Exercise requirements - Working from the line that contains "Beautiful Bouquet of" down to the last line below, repeat each line exactly.

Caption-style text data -
********

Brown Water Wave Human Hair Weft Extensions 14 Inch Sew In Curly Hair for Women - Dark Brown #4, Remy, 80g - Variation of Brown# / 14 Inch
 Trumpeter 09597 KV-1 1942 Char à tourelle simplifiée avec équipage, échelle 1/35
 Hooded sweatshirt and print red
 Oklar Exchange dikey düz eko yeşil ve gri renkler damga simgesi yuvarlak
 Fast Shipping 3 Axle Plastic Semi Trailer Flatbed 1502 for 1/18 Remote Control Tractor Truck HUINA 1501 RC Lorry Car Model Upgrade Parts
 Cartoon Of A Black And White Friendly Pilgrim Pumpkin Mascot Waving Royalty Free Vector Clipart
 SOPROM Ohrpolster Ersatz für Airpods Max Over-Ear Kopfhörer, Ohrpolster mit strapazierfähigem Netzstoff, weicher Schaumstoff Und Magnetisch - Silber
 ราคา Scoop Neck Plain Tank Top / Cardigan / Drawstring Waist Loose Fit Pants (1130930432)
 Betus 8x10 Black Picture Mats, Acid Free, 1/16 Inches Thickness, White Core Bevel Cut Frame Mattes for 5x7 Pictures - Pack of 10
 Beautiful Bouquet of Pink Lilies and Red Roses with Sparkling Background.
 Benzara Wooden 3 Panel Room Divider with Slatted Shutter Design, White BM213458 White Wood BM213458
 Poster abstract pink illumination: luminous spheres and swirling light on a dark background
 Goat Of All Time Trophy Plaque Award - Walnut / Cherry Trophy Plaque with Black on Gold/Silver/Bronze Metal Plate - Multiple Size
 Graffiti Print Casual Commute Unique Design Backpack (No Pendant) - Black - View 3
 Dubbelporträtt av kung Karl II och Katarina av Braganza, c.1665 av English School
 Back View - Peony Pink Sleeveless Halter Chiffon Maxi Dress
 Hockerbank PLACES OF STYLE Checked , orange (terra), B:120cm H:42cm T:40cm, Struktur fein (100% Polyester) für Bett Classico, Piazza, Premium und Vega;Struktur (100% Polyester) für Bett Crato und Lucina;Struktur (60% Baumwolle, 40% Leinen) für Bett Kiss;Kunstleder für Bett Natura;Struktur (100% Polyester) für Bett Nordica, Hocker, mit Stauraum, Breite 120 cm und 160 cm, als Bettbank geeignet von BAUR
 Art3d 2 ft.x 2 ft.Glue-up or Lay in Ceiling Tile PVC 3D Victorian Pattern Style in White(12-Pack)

********

Solution to the problem -
 Beautiful Bouquet of Pink Lilies and Red Roses with Sparkling Background.
 Benzara Wooden 3 Panel Room Divider with Slatted Shutter Design, White BM213458 White Wood BM213458
 Poster abstract pink illumination: luminous spheres and swirling light on a dark background
 Goat Of All Time Trophy Plaque Award - Walnut / Cherry Trophy Plaque with Black on Gold/Silver/Bronze Metal Plate - Multiple Size
 Graffiti Print Casual Commute Unique Design Backpack (No Pendant) - Black - View 3
 Dubbelporträtt av kung Karl II och Katarina av Braganza, c.1665 av English School
 Back View - Peony Pink Sleeveless Halter Chiffon Maxi Dress
 Hockerbank PLACES OF STYLE Checked , orange (terra), B:120cm H:42cm T:40cm, Struktur fein (100% Polyester) für Bett Classico, Piazza, Premium und Vega;Struktur (100% Polyester) für Bett Crato und Lucina;Struktur (60% Baumwolle, 40% Leinen) für Bett Kiss;Kunstleder für Bett Natura;Struktur (100% Polyester) für Bett Nordica, Hocker, mit Stauraum, Breite 120 cm und 160 cm, als Bettbank geeignet von BAUR
 Art3d 2 ft.x 2 ft.Glue-up or Lay in Ceiling Tile PVC 3D Victorian Pattern Style in White(12-Pack)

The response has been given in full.